Exposition Serge Gainsbourg à la BPI de Beaubourg : le processus créatif d'un "obsessionnel de la musicalité des mots"
La Bibliothèque publique d’information (BPI) du Centre Pompidou à Paris, en collaboration avec la maison Gainsbourg, présente jusqu’au 8 mai l'exposition Serge Gainsbourg, le mot exact, qui dévoile à travers ses manuscrits, tapuscrits et objets personnels le processus d'écriture de cet amoureux des mots et de la littérature, sa grande inspiratrice. Une exposition passionnante, en attendant l'ouverture "courant 2023" du musée dans sa maison de la rue de Verneuil.
La bibliothèque de Gainsbourg
On entre dans l'exposition par les livres, ceux de Serge Gainsbourg. Un échantillon de la bibliothèque de sa maison rue de Verneuil à Paris, est exposé dans un clair-obscur intimiste. Rimbaud, Chester Himes, Sade, Proust, Oscar Wilde, Benjamin Constant… Poésie, romans, théâtre, biographies, polars… Une bibliothèque disparate et hétéroclite, dont l'exposition retient surtout les œuvres du 19e siècle, qui ont profondément inspiré le chanteur. "La littérature est l'une des principales inspirations de Serge Gainsbourg, et en regardant de près sa bibliothèque, on se rend compte que la littérature du 19e siècle a une place de choix", note Caroline Raynaud, commissaire de l'exposition.
La BPI s'intéresse à "toutes les formes écrites" rappelle la commissaire, de la littérature à la BD, comme avec les expos consacrées à Claire Bretécher, Riad Sattouf ou encore Catherine Meurisse. Avec cette nouvelle exposition, l'institution se penche cette fois sur les mots des chansons, en exposant manuscrits et tapuscrits de Gainsbourg. "L'idée était de donner à voir ce corpus de textes, de s'immerger dans sa bibliothèque et d'en tirer les fils afin d'entrer dans son processus d'écriture", explique la commissaire.
Le double littéraire, "la figure du dandy", inspirée par la littérature du 19e
Premier fil tiré par l'exposition, la figure du "double médiatique" de Serge Gainsbourg. "Cette figure de dandy, double médiatique de Serge Gainsbourg, s'inspire de la tradition des doubles littéraires du 19e siècle, comme dans Le Horla de Guy de Maupassant ou Le portrait de Dorian Gray d’Oscar Wilde", explique Caroline Raynaud.

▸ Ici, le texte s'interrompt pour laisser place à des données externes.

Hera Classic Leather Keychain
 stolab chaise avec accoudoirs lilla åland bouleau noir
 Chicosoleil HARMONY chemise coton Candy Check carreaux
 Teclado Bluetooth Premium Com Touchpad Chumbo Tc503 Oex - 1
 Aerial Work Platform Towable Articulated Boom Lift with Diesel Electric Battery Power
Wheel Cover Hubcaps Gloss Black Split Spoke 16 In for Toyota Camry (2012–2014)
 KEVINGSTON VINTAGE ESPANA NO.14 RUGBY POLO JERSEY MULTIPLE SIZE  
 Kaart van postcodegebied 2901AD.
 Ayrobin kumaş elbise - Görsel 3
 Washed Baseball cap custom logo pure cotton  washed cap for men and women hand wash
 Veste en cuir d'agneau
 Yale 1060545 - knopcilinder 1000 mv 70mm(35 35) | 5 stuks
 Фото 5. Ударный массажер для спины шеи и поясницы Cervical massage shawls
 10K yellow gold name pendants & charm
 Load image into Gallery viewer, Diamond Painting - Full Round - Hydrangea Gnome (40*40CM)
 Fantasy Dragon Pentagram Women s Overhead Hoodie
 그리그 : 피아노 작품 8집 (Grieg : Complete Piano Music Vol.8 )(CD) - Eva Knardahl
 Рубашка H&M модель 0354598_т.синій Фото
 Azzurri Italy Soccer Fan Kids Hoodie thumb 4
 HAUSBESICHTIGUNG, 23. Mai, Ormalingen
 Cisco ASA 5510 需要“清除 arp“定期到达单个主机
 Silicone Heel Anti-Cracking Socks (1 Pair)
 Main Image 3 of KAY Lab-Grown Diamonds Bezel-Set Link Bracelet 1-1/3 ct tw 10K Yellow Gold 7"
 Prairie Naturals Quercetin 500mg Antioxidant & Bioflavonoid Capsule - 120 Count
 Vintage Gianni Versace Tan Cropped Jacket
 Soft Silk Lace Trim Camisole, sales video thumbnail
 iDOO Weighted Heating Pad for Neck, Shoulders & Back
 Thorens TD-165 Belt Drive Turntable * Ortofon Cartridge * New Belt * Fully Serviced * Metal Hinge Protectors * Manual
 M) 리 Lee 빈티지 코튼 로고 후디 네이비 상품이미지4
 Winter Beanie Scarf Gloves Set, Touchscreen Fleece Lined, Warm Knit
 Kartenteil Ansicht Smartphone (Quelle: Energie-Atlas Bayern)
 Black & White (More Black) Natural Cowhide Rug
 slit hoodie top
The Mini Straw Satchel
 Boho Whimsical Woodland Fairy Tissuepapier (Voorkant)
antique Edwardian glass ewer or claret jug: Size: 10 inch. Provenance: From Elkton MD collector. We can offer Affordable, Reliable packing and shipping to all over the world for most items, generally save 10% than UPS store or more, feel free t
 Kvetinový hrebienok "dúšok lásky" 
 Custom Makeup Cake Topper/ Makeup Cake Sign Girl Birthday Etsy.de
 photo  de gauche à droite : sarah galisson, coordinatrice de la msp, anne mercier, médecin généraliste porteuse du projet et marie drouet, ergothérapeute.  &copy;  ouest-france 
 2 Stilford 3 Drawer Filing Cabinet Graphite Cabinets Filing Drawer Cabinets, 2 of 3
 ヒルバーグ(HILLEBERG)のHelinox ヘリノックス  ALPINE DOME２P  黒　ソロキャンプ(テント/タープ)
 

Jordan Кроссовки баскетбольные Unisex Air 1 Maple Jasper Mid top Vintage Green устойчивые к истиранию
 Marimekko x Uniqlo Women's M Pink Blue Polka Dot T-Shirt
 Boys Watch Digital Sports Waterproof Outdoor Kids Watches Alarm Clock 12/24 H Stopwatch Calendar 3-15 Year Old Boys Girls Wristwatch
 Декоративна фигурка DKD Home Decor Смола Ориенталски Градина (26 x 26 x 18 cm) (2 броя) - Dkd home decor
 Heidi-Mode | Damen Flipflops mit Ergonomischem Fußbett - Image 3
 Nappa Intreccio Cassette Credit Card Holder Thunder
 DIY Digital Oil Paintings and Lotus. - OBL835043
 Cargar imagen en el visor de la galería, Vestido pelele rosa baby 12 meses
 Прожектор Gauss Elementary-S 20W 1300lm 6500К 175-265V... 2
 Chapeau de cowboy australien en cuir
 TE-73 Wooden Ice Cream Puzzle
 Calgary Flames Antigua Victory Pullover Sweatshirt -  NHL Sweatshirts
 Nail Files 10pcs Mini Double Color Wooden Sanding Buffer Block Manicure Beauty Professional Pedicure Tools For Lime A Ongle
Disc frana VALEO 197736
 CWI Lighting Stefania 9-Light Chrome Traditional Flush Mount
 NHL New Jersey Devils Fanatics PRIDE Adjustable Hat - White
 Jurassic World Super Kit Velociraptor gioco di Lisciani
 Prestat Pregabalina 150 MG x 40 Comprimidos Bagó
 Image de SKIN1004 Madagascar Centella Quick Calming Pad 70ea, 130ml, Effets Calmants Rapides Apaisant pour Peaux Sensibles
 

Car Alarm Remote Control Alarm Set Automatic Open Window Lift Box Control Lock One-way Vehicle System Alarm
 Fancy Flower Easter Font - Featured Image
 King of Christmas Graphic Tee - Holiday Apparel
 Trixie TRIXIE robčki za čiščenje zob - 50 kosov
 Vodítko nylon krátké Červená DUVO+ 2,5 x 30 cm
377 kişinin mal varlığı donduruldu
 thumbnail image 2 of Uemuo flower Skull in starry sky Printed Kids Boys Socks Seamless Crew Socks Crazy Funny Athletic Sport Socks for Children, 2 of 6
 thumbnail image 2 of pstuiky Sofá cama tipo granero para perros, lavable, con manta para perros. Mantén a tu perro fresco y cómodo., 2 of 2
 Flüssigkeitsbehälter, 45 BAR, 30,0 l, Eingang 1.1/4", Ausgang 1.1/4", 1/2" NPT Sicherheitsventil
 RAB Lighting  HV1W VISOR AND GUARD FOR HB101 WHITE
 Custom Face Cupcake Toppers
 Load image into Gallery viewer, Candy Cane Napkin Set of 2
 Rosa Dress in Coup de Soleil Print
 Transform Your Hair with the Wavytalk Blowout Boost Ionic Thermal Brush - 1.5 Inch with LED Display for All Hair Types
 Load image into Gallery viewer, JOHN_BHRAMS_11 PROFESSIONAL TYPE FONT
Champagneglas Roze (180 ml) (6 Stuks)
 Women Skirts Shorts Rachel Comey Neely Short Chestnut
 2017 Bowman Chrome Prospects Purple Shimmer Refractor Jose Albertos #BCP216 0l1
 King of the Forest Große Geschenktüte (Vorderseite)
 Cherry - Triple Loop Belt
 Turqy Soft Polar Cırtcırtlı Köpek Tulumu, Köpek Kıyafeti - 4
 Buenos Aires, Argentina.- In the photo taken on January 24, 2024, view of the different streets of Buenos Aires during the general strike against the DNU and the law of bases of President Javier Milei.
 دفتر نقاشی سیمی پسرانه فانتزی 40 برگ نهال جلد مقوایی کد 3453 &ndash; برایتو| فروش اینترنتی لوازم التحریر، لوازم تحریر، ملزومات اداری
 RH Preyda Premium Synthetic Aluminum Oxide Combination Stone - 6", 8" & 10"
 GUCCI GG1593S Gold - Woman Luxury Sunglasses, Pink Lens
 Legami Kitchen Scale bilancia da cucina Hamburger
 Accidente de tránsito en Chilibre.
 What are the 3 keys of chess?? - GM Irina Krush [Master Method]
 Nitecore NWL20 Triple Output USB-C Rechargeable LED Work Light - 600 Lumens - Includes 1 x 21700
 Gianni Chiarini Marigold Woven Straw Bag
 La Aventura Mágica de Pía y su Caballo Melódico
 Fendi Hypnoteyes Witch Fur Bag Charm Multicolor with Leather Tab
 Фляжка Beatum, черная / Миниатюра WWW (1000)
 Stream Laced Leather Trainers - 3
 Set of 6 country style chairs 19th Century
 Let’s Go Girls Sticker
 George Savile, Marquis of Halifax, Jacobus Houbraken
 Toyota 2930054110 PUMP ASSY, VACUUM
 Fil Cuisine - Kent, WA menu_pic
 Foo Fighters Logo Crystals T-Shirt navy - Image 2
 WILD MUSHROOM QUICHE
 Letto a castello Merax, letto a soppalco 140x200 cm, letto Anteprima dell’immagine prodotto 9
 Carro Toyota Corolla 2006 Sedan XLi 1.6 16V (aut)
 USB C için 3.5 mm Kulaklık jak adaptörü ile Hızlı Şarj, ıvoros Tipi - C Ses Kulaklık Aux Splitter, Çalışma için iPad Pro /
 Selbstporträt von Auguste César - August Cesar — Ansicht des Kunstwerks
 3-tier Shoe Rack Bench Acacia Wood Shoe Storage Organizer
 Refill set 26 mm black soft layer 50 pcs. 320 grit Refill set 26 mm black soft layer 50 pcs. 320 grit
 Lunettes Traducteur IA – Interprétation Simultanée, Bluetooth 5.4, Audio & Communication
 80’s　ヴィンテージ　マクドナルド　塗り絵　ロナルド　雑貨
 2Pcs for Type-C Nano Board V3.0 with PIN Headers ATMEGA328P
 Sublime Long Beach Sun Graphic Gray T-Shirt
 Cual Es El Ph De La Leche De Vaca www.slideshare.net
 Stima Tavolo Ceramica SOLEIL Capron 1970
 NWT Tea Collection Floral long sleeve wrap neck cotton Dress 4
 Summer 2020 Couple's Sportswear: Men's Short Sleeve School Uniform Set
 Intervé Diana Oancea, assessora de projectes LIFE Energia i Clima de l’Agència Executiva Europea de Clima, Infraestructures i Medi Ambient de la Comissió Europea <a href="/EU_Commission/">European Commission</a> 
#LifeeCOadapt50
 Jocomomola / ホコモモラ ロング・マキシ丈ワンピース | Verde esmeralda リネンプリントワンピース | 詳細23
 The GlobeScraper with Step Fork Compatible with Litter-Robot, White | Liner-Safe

"C'est venu tout de suite, dès le début de sa carrière. Il change son nom, et façonne cette figure de dandy que l'on retrouve dans les médias dès le milieu des années 60. Puis on verra naître un peu plus tard la figure de Gainsbarre", explique la commissaire. "La chanson Docteur Jekyll & Monsieur Hyde, dès 1968, sonne déjà comme une profession de foi de cette figure du double que va cultiver le chanteur jusqu'à la fin", rappelle Sébastien Merlet, co-commissaire de l'exposition et auteur de Gainsbook (Ed. Seghers, 2019).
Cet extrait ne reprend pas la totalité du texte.